Z kolei reklamowana instalacja “Czarny wrzesień” tak naprawdę cofa doświadczenia sztuki o jakieś 17 tysięcy lat. Oto bowiem autor zrekonstruował wygląd pokoi zamieszkałych przez izraelskich sportowców w wiosce olimpijskiej w Monachium po ataku na nich arabskich terrorystów. Ponoć ma być wstrząsające. Ale raczej jest niepotrzebne. Sztuka nie ma za zadanie falsyfikować rzeczywistości, tworzyć jej kopii, lecz metaforyzować rzeczywistość, powoływać do życia jej uniwersalne symbole, uogólnienia tworzące nową jakość. Autor instalacji “Czarny wrzesień” zachował się dokładnie tak jak jaskiniowcy z Lascaux – skopiował jakiś fragment życia (scenerię wydarzenia) swojej epoki. Wrócił do czasu, kiedy nie rozumiano jeszcze, iż sztuka ma kreować, stwarzać, a nie zapisywać. A może zachował się jeszcze gorzej - 17 tysięcy lat temu pierwsi artyści zdawali sobie sprawę, że sztuka powinna posługiwać się innym językiem niż rzeczywistość. Dlatego ochrą na skalnych ścianach malowali bizony, a nie położyli pod tą ścianą martwego bizona. Christopher Draeger nawet w tym doświadczeniu się cofa, każe nam patrzeć na nieprawdziwą “podrobioną” scenerię dramatu, przez co w jakimś sensie dramat ten dewaluuje, bo tak naprawdę sprowadza go do kupy nieprawdziwego śmiecia (w gorszym przypadku) lub przedsięwzięć typu muzeum figur woskowych (w lepszym przypadku).

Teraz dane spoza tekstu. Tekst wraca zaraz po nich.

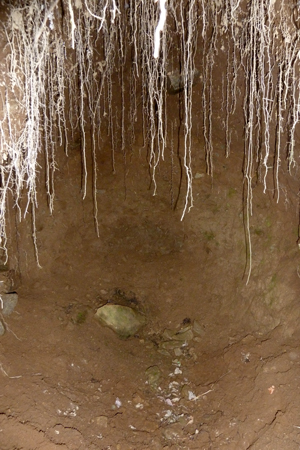 Inside of a bear den on Dumpling Mountain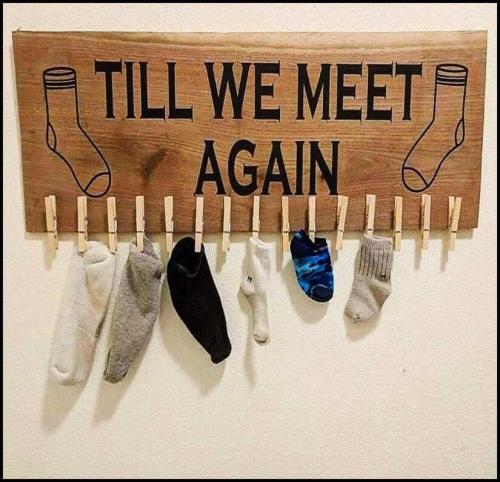 ACM2StUpviInMaELWqYk_01_b0ab2487814cfb87825a822f7bd4f842_image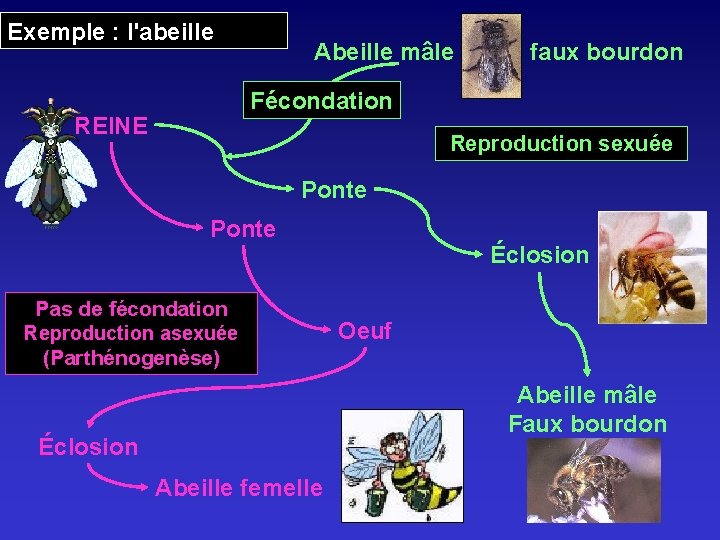 Exemple : l'abeille Abeille mâle faux bourdon Fécondation REINE Reproduction sexuée Ponte Pas de Exemple : l'abeille Abeille mâle faux bourdon Fécondation REINE Reproduction sexuée Ponte Pas de
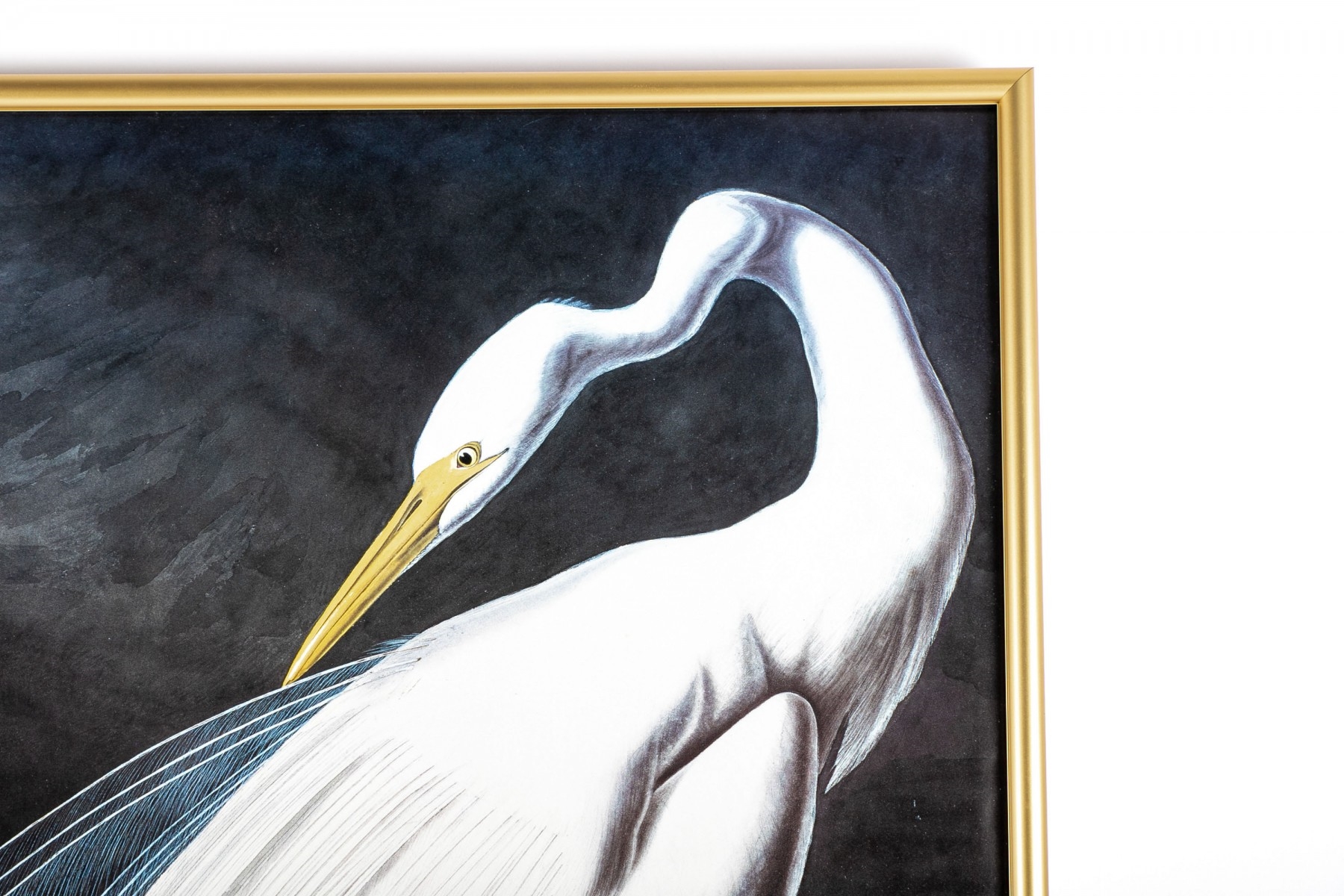 Artwork by John James Audubon, The Birds of America, Made of poster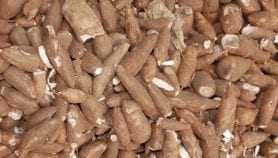 Scientists develop biodegradable plastic from cassava starch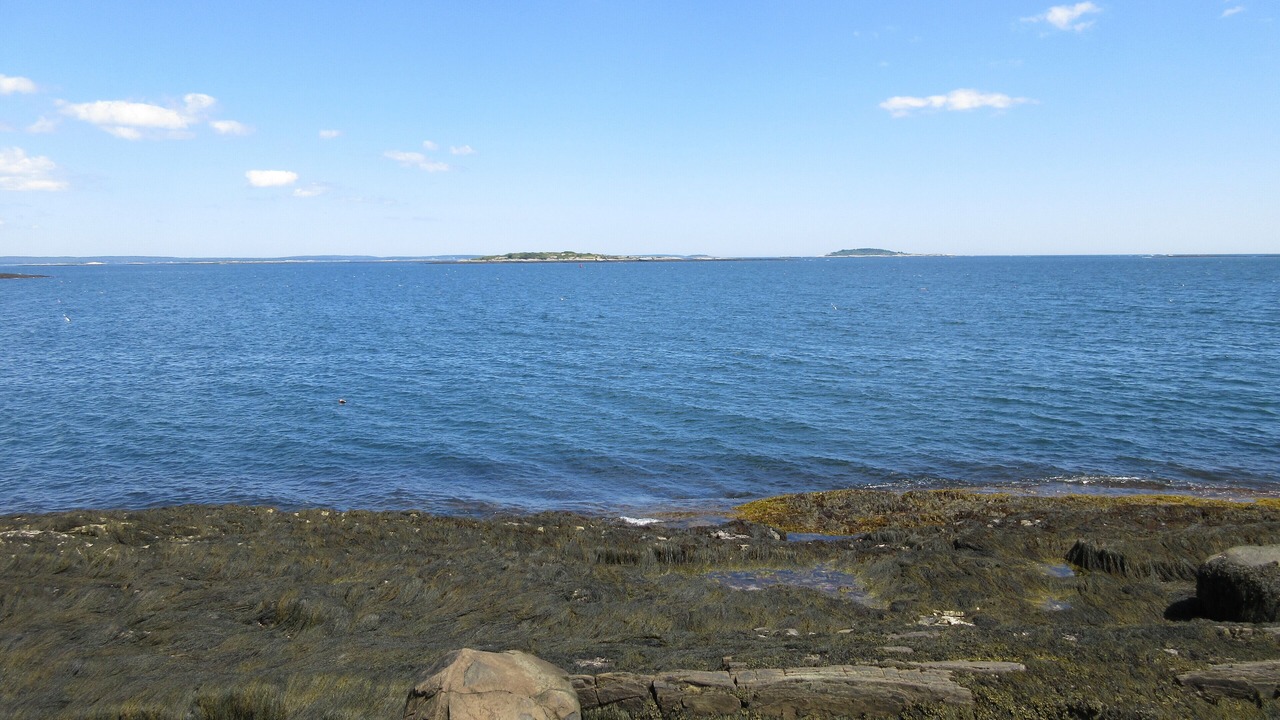 Photo of Others in Mid-Coast and Islands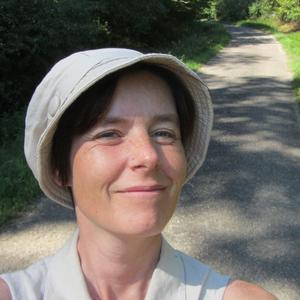 Ménage/Bricolage/Jardinage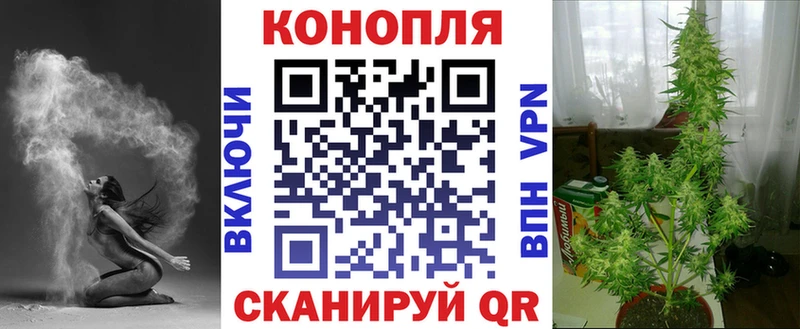 Марихуана сатива  shop официальный сайт  Костерёво 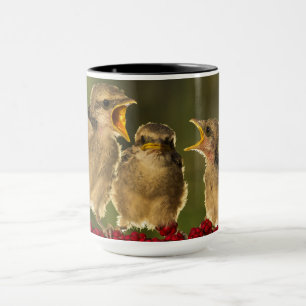 Three Baby Lanius Schach Birds Mug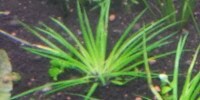 Littorella uniflora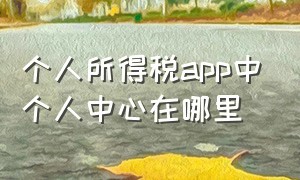 个人所得税app中个人中心在哪里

Ta wystawa może być jakimś doświadczeniem dla kogoś, kto znając wiele przygód sztuki – chce zobaczyć w jakie zaułki zabrnęły jej niektóre współczesne nurty. Ale nic więcej. Kiedy przed każdym z obrazów w galerii malarstwa polskiego Muzeum Górnośląskiego (jakieś 700 metrów od “Kroniki”) stanie człowiek z wykształceniem podstawowym niepełnym – obraz ten będzie go poruszał, oddziaływując na jego odczucia estetyczne. Podobnie poruszy kogoś z wykształceniem uniwersyteckim. Bo sztuka odwołuje się do rzeczy wspólnych ludziom. Eksponaty z “Bad news” mogą tak naprawdę poruszyć (i zostać zrozumiane) tylko przez miłośników sztuki współczesnej, którym na dodatek dyrektor “Kroniki” Sebastian Cichocki wyjaśni o co chodzi. Tzw. sztuka współczesna tworząc jedynie dla odbiorców z własnego, wąskiego grona, pozostając obcą i niezrozumiałą dla ogółu wrażliwych ludzi, zdaje się popełniać grzech podobny do tego, jakiego dopuścił się starotestamentalny mąż o imieniu rozpoczynającym się na literę O. To raczej zła wiadomość.